Claro que o bias da sociedade iraniana e do próprio tempo em si se colocam. Não há grande comparação possível com as sociedades ocidentais. E se a relação essencial se mantiver, mude o país, mude a cultura, mude a percepção? Há situações transversais, como a incapacidade de alguns pais em ajudar os filhos, pelas mais variadas razões. As crianças não conseguem esconder os aspectos mais embaraçosos da sua vida, sejam os castigos físicos, a privação ou a comparação com quem tem mais: o que fica é o retrato devastador da diferença entre ricos e pobres. Entre quem pode e quem não pode.

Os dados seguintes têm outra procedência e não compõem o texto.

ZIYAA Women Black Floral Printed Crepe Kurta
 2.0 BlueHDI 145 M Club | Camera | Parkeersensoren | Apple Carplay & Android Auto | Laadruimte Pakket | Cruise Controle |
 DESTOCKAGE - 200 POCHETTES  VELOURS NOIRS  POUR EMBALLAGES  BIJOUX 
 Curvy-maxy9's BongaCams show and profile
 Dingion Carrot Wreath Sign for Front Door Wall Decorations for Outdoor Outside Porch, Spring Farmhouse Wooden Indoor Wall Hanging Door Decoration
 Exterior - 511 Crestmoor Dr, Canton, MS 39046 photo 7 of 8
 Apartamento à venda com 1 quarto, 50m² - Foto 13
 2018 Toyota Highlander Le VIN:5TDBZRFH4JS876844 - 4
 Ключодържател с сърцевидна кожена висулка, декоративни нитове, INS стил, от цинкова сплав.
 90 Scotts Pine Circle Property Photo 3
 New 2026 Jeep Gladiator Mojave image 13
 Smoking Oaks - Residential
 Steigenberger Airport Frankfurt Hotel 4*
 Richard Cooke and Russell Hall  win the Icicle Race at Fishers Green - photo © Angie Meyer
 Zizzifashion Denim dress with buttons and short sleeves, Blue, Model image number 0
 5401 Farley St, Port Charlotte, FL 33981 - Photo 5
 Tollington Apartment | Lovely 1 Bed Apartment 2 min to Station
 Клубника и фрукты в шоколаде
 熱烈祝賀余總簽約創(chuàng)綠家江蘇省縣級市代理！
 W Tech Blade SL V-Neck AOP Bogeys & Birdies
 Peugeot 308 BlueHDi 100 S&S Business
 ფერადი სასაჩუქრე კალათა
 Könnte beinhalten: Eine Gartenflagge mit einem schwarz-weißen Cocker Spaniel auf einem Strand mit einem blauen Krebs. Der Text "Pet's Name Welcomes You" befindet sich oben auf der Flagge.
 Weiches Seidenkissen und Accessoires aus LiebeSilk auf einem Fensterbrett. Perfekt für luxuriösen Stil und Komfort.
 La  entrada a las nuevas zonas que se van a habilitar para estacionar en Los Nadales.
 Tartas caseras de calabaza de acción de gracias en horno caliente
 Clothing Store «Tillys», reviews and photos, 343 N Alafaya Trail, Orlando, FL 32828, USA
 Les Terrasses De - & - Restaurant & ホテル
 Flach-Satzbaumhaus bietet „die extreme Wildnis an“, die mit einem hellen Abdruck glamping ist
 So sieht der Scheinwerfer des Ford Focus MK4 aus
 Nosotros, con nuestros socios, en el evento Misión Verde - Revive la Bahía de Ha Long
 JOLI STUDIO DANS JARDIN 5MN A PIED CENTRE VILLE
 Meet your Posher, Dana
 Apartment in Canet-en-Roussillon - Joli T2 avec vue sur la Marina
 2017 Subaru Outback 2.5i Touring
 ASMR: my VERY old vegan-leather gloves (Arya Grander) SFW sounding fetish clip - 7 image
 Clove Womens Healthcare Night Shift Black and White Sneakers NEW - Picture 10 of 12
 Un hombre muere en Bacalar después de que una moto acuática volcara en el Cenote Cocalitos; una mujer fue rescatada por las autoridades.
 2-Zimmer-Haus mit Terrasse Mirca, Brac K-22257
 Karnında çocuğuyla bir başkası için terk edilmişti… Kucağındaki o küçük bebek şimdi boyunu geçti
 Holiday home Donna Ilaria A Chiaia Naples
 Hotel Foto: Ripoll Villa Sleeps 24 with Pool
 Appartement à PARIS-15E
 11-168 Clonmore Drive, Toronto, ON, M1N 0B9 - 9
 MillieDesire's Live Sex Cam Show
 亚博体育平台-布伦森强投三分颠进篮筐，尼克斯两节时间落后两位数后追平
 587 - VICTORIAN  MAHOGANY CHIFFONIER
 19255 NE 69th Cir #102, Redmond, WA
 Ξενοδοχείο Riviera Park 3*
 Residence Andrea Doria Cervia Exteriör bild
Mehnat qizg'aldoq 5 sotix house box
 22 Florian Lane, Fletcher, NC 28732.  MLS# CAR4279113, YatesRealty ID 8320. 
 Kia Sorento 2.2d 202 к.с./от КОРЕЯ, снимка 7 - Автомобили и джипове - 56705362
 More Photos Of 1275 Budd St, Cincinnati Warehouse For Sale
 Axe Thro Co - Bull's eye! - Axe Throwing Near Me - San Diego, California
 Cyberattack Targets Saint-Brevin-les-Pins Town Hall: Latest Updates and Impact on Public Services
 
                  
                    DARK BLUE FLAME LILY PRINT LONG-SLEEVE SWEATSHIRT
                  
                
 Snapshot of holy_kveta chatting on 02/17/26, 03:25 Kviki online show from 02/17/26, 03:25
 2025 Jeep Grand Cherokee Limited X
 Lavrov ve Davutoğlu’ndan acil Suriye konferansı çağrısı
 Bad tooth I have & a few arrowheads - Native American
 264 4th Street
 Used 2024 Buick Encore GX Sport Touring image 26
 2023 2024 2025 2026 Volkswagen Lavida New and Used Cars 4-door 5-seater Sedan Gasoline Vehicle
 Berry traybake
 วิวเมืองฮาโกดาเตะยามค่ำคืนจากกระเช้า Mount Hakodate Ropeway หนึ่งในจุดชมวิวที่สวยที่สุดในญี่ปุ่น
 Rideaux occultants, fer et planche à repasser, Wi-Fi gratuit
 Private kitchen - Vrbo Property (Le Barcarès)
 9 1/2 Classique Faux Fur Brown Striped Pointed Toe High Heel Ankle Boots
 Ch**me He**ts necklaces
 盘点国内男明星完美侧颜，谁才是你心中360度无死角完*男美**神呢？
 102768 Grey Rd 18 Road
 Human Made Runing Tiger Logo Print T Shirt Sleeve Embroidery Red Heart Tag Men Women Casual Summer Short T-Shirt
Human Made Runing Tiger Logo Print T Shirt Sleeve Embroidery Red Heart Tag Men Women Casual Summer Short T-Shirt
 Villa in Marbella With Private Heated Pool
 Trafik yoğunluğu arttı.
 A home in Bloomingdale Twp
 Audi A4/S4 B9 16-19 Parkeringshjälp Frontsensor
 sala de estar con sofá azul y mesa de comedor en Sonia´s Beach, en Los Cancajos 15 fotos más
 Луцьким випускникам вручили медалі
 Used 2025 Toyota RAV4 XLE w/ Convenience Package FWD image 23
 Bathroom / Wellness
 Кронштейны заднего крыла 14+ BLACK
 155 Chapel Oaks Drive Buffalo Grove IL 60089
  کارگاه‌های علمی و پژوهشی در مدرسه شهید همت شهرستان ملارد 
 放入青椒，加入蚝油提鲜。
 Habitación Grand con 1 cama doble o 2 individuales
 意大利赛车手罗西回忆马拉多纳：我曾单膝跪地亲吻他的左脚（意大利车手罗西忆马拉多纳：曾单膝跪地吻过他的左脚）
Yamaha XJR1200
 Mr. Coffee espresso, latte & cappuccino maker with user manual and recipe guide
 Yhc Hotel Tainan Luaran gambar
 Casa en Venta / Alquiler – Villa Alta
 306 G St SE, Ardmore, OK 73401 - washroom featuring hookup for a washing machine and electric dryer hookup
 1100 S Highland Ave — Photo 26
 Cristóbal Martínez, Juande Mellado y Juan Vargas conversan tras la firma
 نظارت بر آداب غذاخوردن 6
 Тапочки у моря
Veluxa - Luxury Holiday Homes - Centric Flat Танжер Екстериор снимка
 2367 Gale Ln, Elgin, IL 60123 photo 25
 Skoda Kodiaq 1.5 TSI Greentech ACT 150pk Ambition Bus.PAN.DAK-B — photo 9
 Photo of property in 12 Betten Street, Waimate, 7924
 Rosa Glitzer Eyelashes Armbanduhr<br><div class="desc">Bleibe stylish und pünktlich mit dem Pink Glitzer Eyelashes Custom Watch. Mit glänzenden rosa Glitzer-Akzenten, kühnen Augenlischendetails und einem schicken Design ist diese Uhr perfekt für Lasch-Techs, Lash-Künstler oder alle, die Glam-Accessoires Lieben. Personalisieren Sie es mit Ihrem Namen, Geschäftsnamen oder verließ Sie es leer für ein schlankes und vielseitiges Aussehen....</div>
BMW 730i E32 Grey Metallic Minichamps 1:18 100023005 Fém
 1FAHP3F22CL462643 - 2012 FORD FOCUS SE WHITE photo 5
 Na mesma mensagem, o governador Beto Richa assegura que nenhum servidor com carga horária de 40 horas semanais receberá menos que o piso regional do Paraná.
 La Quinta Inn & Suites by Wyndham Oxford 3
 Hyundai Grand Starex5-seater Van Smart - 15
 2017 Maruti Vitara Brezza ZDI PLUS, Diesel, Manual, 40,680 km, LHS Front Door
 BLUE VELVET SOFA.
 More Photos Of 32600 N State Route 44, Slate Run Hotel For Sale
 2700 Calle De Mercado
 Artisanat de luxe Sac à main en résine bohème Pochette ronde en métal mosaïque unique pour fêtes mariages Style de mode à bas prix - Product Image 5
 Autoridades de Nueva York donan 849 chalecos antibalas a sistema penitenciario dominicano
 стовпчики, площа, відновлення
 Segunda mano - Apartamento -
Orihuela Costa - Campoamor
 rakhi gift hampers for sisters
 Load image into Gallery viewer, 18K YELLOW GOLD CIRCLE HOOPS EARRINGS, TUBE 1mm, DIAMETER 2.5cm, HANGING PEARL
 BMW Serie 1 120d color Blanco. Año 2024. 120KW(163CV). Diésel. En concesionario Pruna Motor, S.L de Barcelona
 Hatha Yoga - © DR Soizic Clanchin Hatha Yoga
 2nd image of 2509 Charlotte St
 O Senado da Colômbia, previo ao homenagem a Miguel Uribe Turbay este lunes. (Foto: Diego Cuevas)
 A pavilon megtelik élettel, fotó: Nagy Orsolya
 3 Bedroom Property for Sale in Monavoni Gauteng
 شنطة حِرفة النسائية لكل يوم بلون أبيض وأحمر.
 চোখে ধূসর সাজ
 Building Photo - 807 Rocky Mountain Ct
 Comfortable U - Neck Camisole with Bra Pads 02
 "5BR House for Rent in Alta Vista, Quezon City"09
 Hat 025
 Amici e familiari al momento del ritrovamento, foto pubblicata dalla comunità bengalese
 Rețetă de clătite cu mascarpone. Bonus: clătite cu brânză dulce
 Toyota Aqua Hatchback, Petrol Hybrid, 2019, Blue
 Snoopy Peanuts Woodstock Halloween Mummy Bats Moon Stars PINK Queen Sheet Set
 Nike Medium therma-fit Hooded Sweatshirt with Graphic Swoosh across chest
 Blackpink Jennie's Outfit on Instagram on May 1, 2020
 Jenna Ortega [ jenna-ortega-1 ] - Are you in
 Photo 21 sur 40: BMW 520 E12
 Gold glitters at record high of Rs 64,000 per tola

Viajando mais de 30 anos, mais para o ocidente, vemos e escutamos uma prosa continuada de culpabilização e responsabilização dos pais, a propósito da educação, do desempenho escolar e de outros aspectos relacionados com a vida dos mais novos. Vamos deixar de lado o aspecto já batido das óbvias diferenças sociais, que criam clivagens acentuadas (mas que parecem ser ignoradas por quase toda a gente). Vamos focar-nos no prático dos trabalhos para casa (e até poderíamos ir mais longe, focando esforços na encíclica relação entre notas de testes e exames e desempenho académico).

Os "tpc" só servem para o seguinte, mesmo que os tiros nos pés não sejam logo óbvios: entrada desenfreada do espaço escola no espaço família (curiosamente, o fenómeno em sentido contrário é quase sempre diabolizado); captura do tempo de lazer e de ócio familiar (depois de quase meio dia a fio na escola); desequilíbrio na relação escola/família; inexistência do tempo de brincadeira (e assumir que o tempo de escola é mais importante do que o tempo brincadeira, o que é uma grosseira mentira); agenda de acatamento, disciplina autoritária e preparação tida como certa para uma vida incerta; convite à "normose"; responsabilização dos pais e encarregados de educação por temas que podem não dominar; tomada de pressuposto e colagem de rótulos.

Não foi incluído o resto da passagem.